Menurut Teddy, sejumlah tokoh yang telah dihubungi antara lain Presiden Republik Turkiye Recep Tayyip Erdoğan, Perdana Menteri Pakistan Shehbaz Sharif, Raja Yordania Hasyimiah Abdullah II, serta Perdana Menteri Arab Saudi Mohammed bin Salman.
Teddy menambahkan, Presiden masih akan melanjutkan komunikasi dengan kepala negara lainnya dalam waktu dekat. “Beberapa Kepala Negara lainnya juga akan dihubungi dalam waktu dekat, menunggu konfirmasi dari masing-masing negara,” ujarnya.
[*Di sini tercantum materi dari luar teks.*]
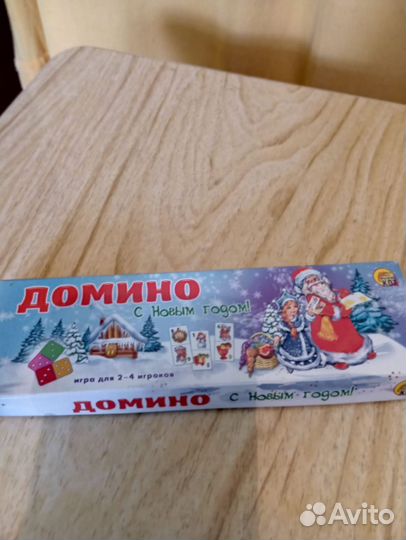 Детское домино СССР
Ia menilai silaturahmi Idulfitri tersebut tidak hanya menjadi tradisi perayaan keagamaan, tetapi juga memiliki makna strategis bagi hubungan internasional Indonesia, termasuk dalam memperkuat hubungan bilateral dan kerja sama antarnegara Muslim.
“Silaturahmi ini menjadi wujud eratnya persaudaraan dan kerja sama antar negara-negara Muslim, sekaligus memperkuat hubungan bilateral di tengah suasana penuh keberkahan,” kata Teddy.
Lebih lanjut, Teddy menyampaikan Idulfitri juga menjadi momentum untuk menegaskan peran Indonesia sebagai negara dengan populasi Muslim terbesar di dunia dalam membangun jembatan persaudaraan dan persatuan global, serta memperkuat komitmen kerja sama dan perdamaian di dunia Islam.